(Extracted data entries)
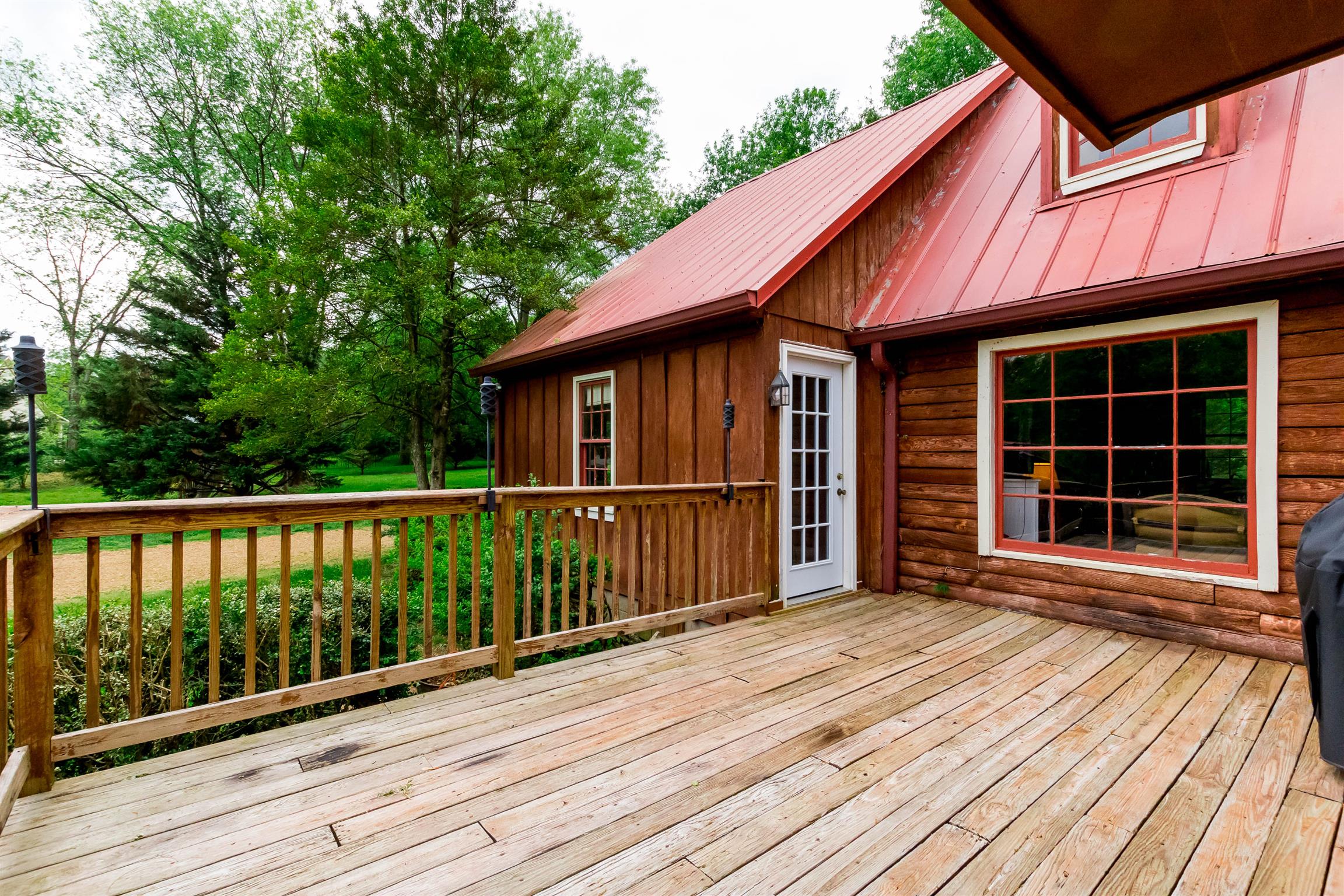 9723 Concord Road Brentwood, TN 37027 - Photo 11 of 30 a view of a house with wooden deck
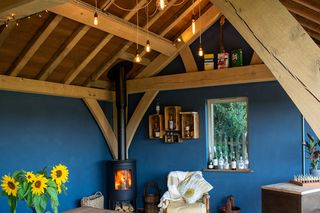 oak framed garden room with dark blue walls and exposed bulb lighting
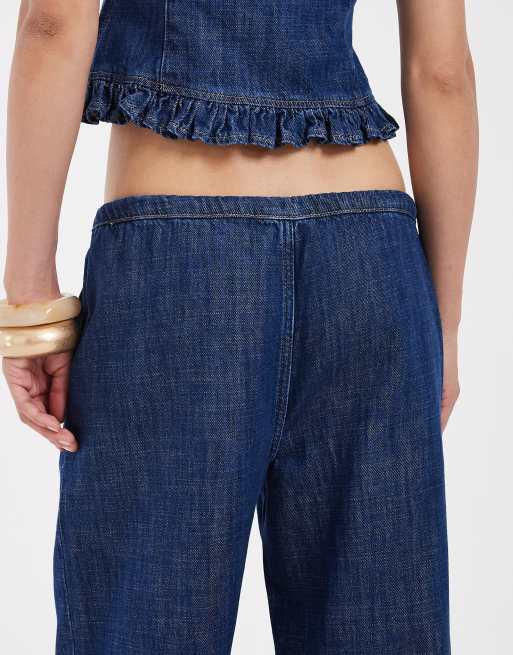 ASOS DESIGN - Vaqueros azul medio sin cierres con volantes (parte de un conjunto), 4 de 5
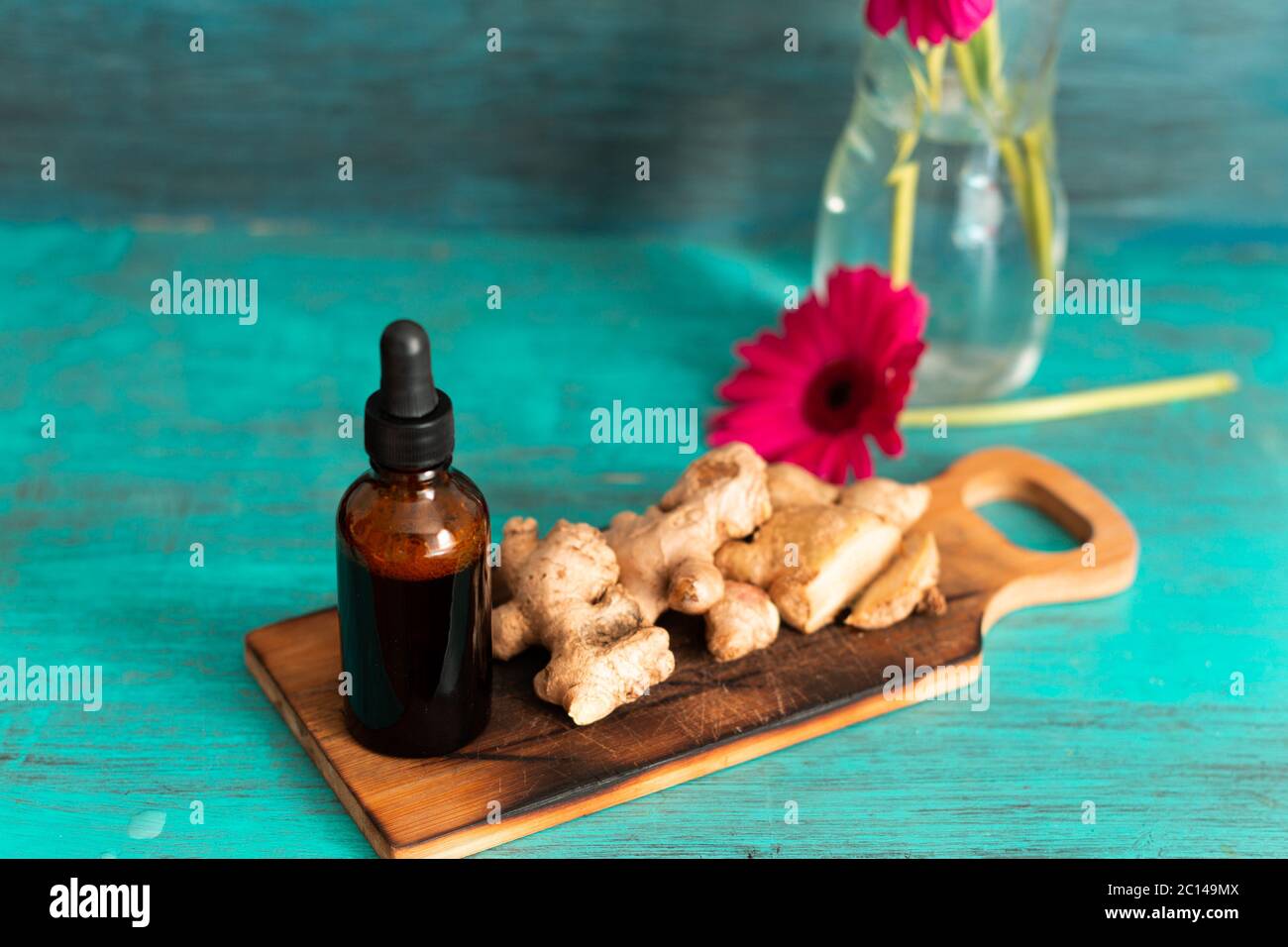 Boule de gouttes médicinales sur fond bleu avec gingembre et fleurs décoratives millésimes. Banque D'Images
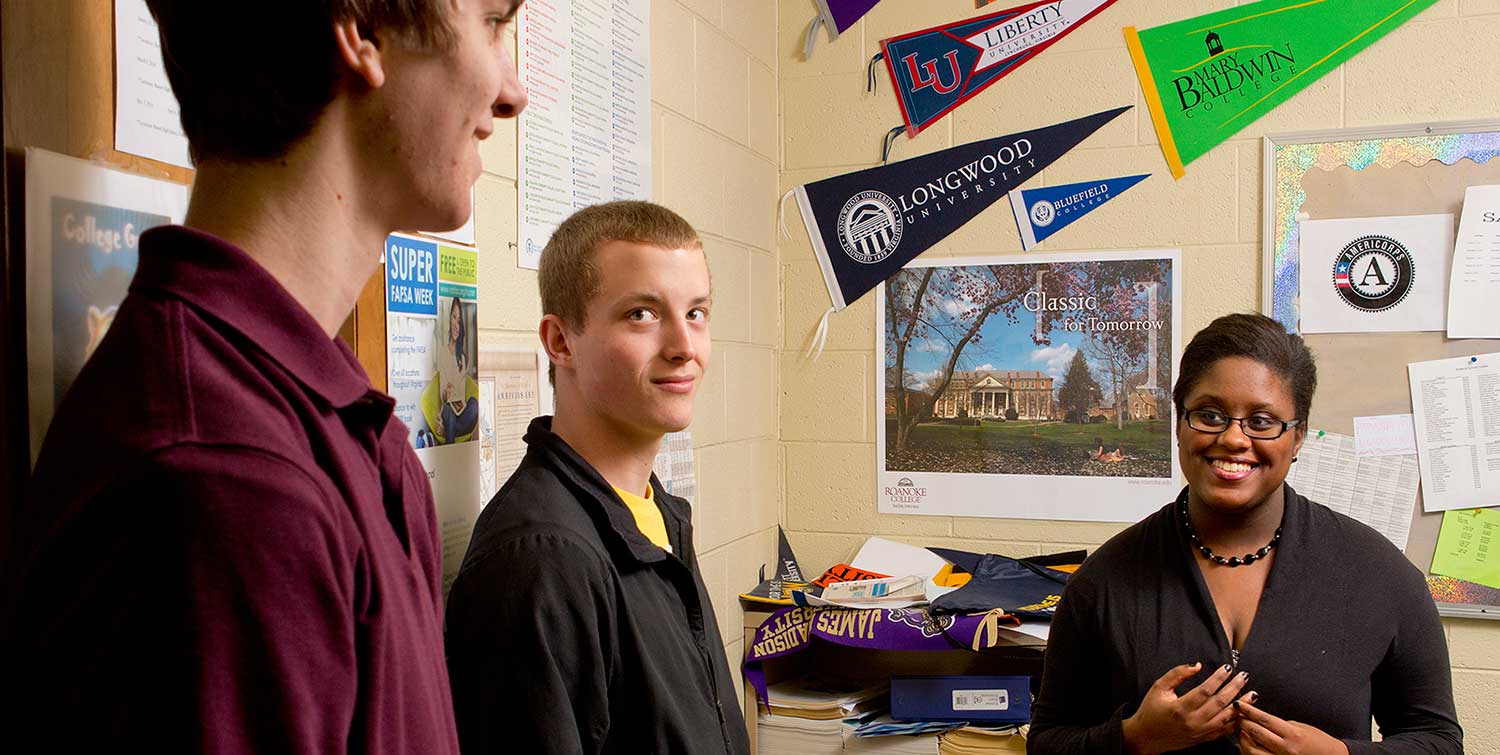 College adviser Erica Elder confers with seniors Orin Bye (far left) and Austin Wright at her alma mater, Bassett High School in southern Virginia. Elder, a recent graduate of the University of Virginia, returned to Bassett recently to serve as a near-peer mentor for an organization called the College Advising Corps.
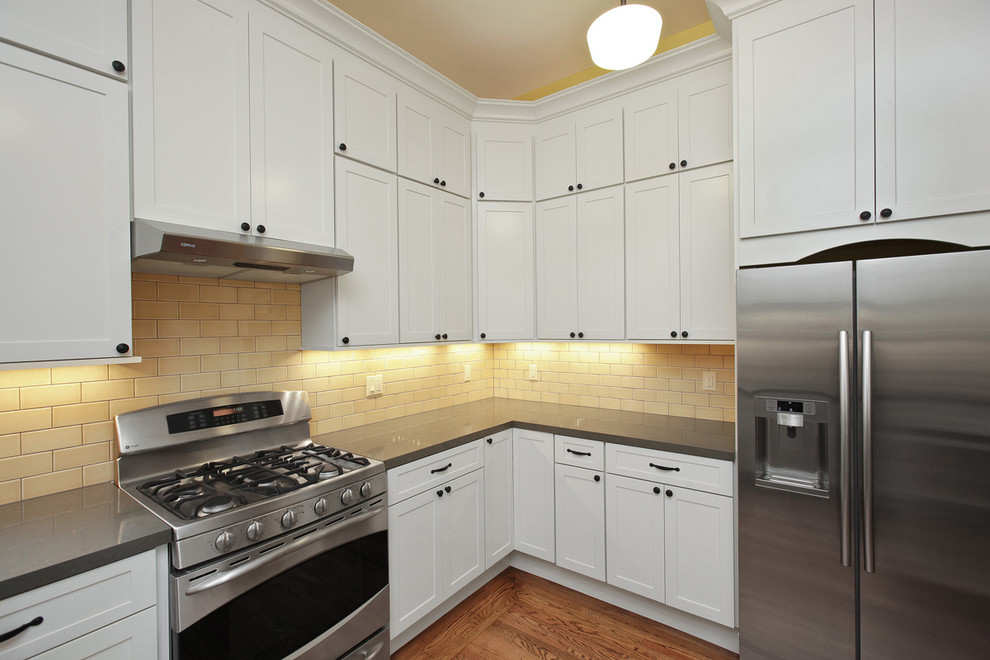 Inspiration for a traditional u-shaped kitchen pantry in San Francisco with an undermount sink, shaker cabinets, white cabinets, quartz benchtops, yellow splashback, glass tile splashback, stainless steel appliances and medium hardwood floors.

* WHAT THIS TASK INVOLVES:
Each entry is to be returned as it stands, and each picture is to be left out.

* ANSWER FOR THE TASK:
 9723 Concord Road Brentwood, TN 37027 - Photo 11 of 30 a view of a house with wooden deck
 oak framed garden room with dark blue walls and exposed bulb lighting
 ASOS DESIGN - Vaqueros azul medio sin cierres con volantes (parte de un conjunto), 4 de 5
 Boule de gouttes médicinales sur fond bleu avec gingembre et fleurs décoratives millésimes. Banque D'Images
 College adviser Erica Elder confers with seniors Orin Bye (far left) and Austin Wright at her alma mater, Bassett High School in southern Virginia. Elder, a recent graduate of the University of Virginia, returned to Bassett recently to serve as a near-peer mentor for an organization called the College Advising Corps.
 Inspiration for a traditional u-shaped kitchen pantry in San Francisco with an undermount sink, shaker cabinets, white cabinets, quartz benchtops, yellow splashback, glass tile splashback, stainless steel appliances and medium hardwood floors.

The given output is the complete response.